The Physiocrats were 18th century French economists who emphasized the importance of productive work, and particularly agriculture, to an economy's wealth. Their early support of free trade and deregulation influenced Adam Smith and the classical economists.
Classical economics, also called classical political economy, was the original form of mainstream economics of the 18th and 19th centuries. Classical economics focuses on the tendency of markets to move to equilibrium and on objective theories of value. Neo-classical economics differs from classical economics primarily in being utilitarian in its value theory and using marginal theory as the basis of its models and equations. Marxian economics also descends from classical theory. Anders Chydenius (1729–1803) was the leading classical liberal of Nordic history. Chydenius, who was a Finnish priest and member of parliament, published a book called The National Gain in 1765, in which he proposes ideas of freedom of trade and industry and explores the relationship between economy and society and lays out the principles of liberalism, all of this eleven years before Adam Smith published a similar and more comprehensive book, The Wealth of Nations. According to Chydenius, democracy, equality and a respect for human rights were the only way towards progress and happiness for the whole of society.
The American School owes its origin to the writings and economic policies of Alexander Hamilton, the first Treasury Secretary of the United States. It emphasized high tariffs on imports to help develop the fledgling American manufacturing base and to finance infrastructure projects, as well as National Banking, Public Credit, and government investment into advanced scientific and technological research and development. Friedrich List, one of the most famous proponents of the economic system, named it the National System, and was the main impetus behind the development of the German Zollverein and the economic policies of Germany under Chancellor Otto Von Bismarck beginning in 1879.
The French Liberal School (also called the "Optimist School" or "Orthodox School") is a 19th-century school of economic thought that was centered on the Collège de France and the Institut de France. The Journal des Économistes was instrumental in promulgating the ideas of the School. The School voraciously defended free trade and laissez-faire capitalism. They were primary opponents of collectivist, interventionist and protectionist ideas. This made the French School a forerunner of the modern Austrian School.

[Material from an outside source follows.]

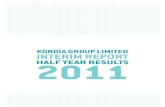 Kordia Interim Report 2011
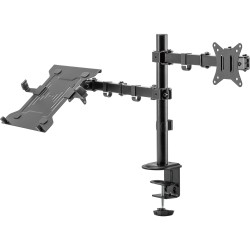 SUPORTE MONITOR/NOTEBOOK FORTREK MOD FK485S / 81036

The historical school of economics was an approach to academic economics and to public administration that emerged in the 19th century in Germany, and held sway there until well into the 20th century. The Historical school held that history was the key source of knowledge about human actions and economic matters, since economics was culture-specific, and hence not generalizable over space and time. The School rejected the universal validity of economic theorems. They saw economics as resulting from careful empirical and historical analysis instead of from logic and mathematics. The School preferred historical, political, and social studies to self-referential mathematical modelling. Most members of the school were also Kathedersozialisten, i.e. concerned with social reform and improved conditions for the common man during a period of heavy industrialization. The Historical School can be divided into three tendencies: the Older, led by Wilhelm Roscher, Karl Knies, and Bruno Hildebrand; the Younger, led by Gustav von Schmoller, and also including Étienne Laspeyres, Karl Bücher, Adolph Wagner, and to some extent Lujo Brentano; the Youngest, led by Werner Sombart and including, to a very large extent, Max Weber.
Predecessors included Friedrich List. The Historical school largely controlled appointments to Chairs of Economics in German universities, as many of the advisors of Friedrich Althoff, head of the university department in the Prussian Ministry of Education 1882-1907, had studied under members of the School. Moreover, Prussia was the intellectual powerhouse of Germany and so dominated academia, not only in central Europe, but also in the United States until about 1900, because the American economics profession was led by holders of German Ph.Ds. The Historical school was involved in the Methodenstreit ("strife over method") with the Austrian School, whose orientation was more theoretical and a prioristic. In English speaking countries, the Historical school is perhaps the least known and least understood approach to the study of economics, because it differs radically from the now-dominant Anglo-American analytical point of view. Yet the Historical school forms the basis—both in theory and in practice—of the social market economy, for many decades the dominant economic paradigm in most countries of continental Europe. The Historical school is also a source of Joseph Schumpeter's dynamic, change-oriented, and innovation-based economics. Although his writings could be critical of the School, Schumpeter's work on the role of innovation and entrepreneurship can be seen as a continuation of ideas originated by the Historical School, especially the work of von Schmoller and Sombart.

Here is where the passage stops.